Forum Moderators: coopster

Message Too Old, No Replies

error on html_entity_decode() function

charset problem

         

Notawiz

5:17 pm on May 29, 2005 (gmt 0)

10+ Year Member



In one of our scripts, we html_entity_decode() a string with entities, before sending it to the browser.

The page has a correct charset (iso 8859-15) in the meta tag of the header.
But this is not important, since the page receives an already decodes entity.

To make this clear, I'll use an example. The string to handle by html_entity_decode():


comment être sûr du paiement?

should read:
comment être sûr du paiement?
in the source code of the webpage sent to the browser.

And that worked exactly so on our former cPanel shared server.

Recently we movend to a VPS, and in the source code (and on screen), the same string reads:

comment кtre sыr du paiement?
.

note: all entities are encoded in this post, but my source code has some weird cyrillic characters?

I guess that this has something to do with the set-up of PHP on the VPS server, so I had a look at the php.ini file, and it has no default charset defined, which is the standard setup.

I was not able to compare the 2 php.ini files, since the previous account was cancelled before I spotted this erroneous behavior.

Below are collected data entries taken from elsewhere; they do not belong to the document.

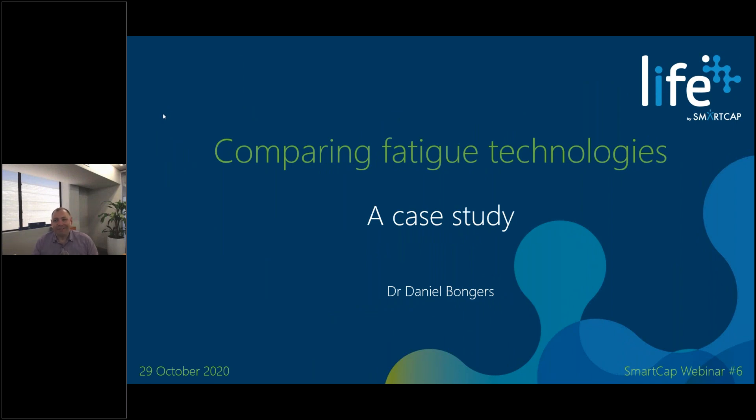Good morning everyone and thanks for joining us for today's SmartCap webinar where we're looking at a case study based here in Australia where a mining company was comparing some fatigue technologies. This is a particularly interesting case for a few reasons and I'm hopeful it's going to be an interesting webinar for everyone.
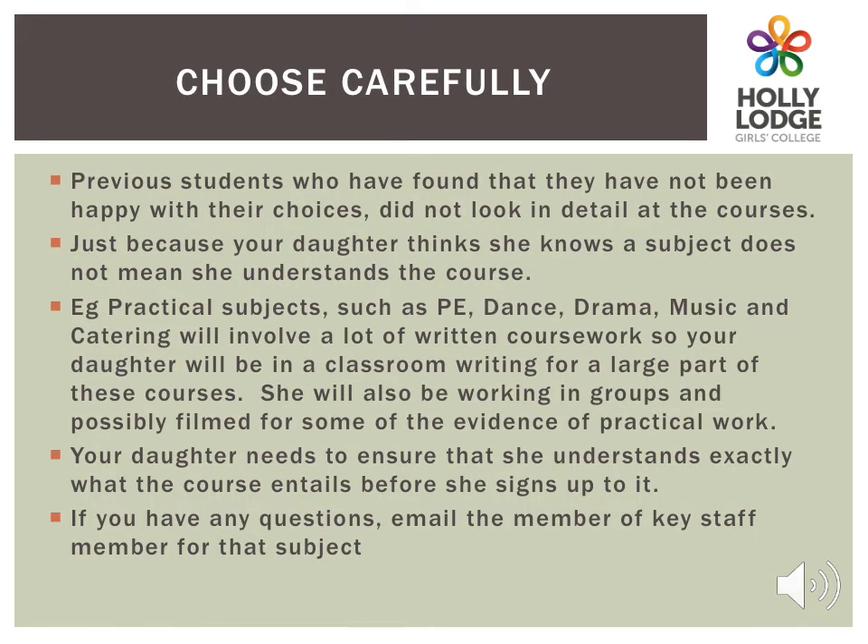We advise you to think about this process really carefully and to read all the subject information in the booklet. Just because your daughter thinks she knows about the subject does not mean that she understands the course or the assessment. All courses involve a lot of written work, even practical subjects such as PE, Dance, Drama, Music and Catering. So she will be in the classroom for a large amount of time. She may need to be videoed as part of her assessment too, so she needs to make sure that she knows exactly what she is choosing. If you or your daughter have any questions, email the member of staff responsible for that subject area.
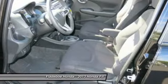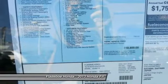This isn't just a vehicle, it's an experience. So stop in for a test drive today.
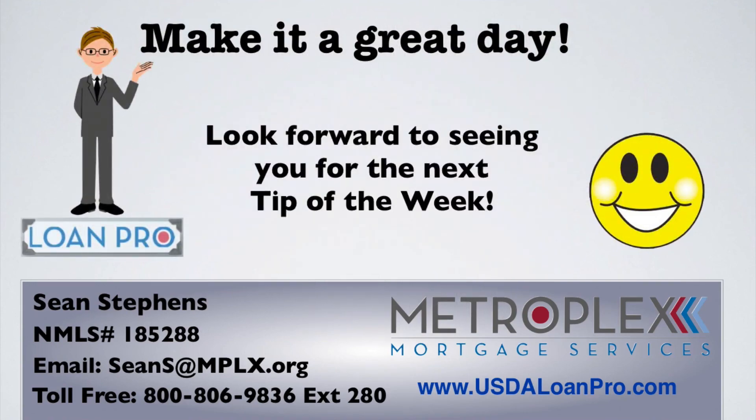I want everyone to make it a great day and look forward to seeing you right here for the next Tip of the Week.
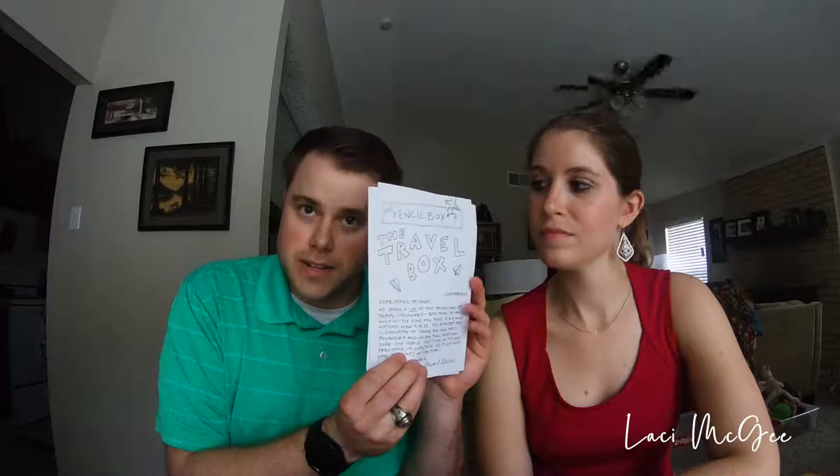Here is the travel box. 'Dear Pencil friends, we spend a lot of time talking about travel stationery — both things to carry while on the road and things to buy while visiting new places. This quarter's box is dedicated to things for your next adventure and unique finds from all over the world. Next time you're away from home, we challenge you to see what new treasures you can find.' Finally, the Pencil Ladies.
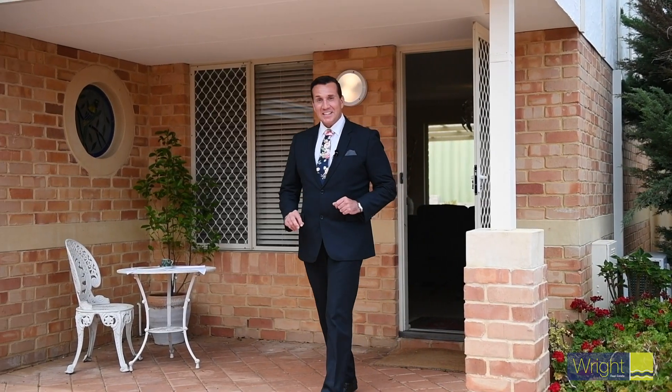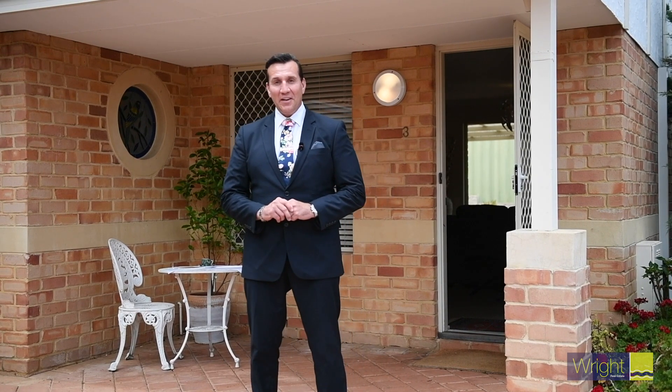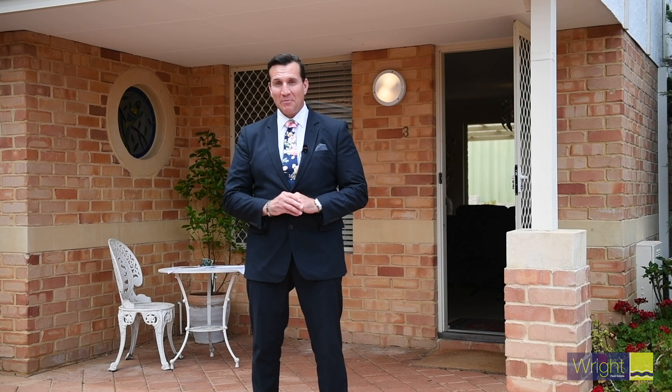Hi, I'm Rodney from Wright Real Estate in Doubleview. Welcome to Unit 3 of 40 Ferros Road in Alou. This is a spectacular three-bedroom villa that will simply take your breath away.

Could someone set me on the track to solve this problem?
Thanx.

Notawiz

StupidScript

5:41 pm on May 31, 2005 (gmt 0)

WebmasterWorld Senior Member 10+ Year Member



Hmmm... Perhaps this is a charset issue.

Have you tried placing the charset directly into the html_entity_decode() [us2.php.net] function call?

html_entity_decode($string,ENT_COMPAT,"ISO8859-15");

or

html_entity_decode($string,ENT_COMPAT,"ISO-8859-15");

?

From your notation in your message, perhaps defining "ISO 8859-15" in the headers is not what your new version of PHP needs to see?

StupidScript

8:28 pm on Jun 1, 2005 (gmt 0)

WebmasterWorld Senior Member 10+ Year Member



Nope. Not a charset issue.

Where did

comment кtre sыr du paiement?
come from? In other words, how is that coming to be the string you are attempting to decode?

Notawiz

5:53 pm on Jun 2, 2005 (gmt 0)

10+ Year Member



Hello S...script,

The last sample should not come with entities. In the source code of the page as well as on display, there are 2 cyrillic characters. (means, decoded by PHP before generating the markup of the page).
The string in database is the first one, with ê and û

But when writing my post here, the cgi of webmasterworld encoded them again as entities. I tried to paste the wrongly decoded string exactly as it appears in the markup, but to no avail.

I also asked the question at my hosting company, but they are as puzzled as I am.

It MUST be a silly detail, but which...

Thanx
Notawiz

StupidScript

7:22 pm on Jun 2, 2005 (gmt 0)

WebmasterWorld Senior Member 10+ Year Member



Hi Notawiz ...

I experimented with the

ê
(French) entity and the
к
(Cyrillic) entity both from a db and from a string.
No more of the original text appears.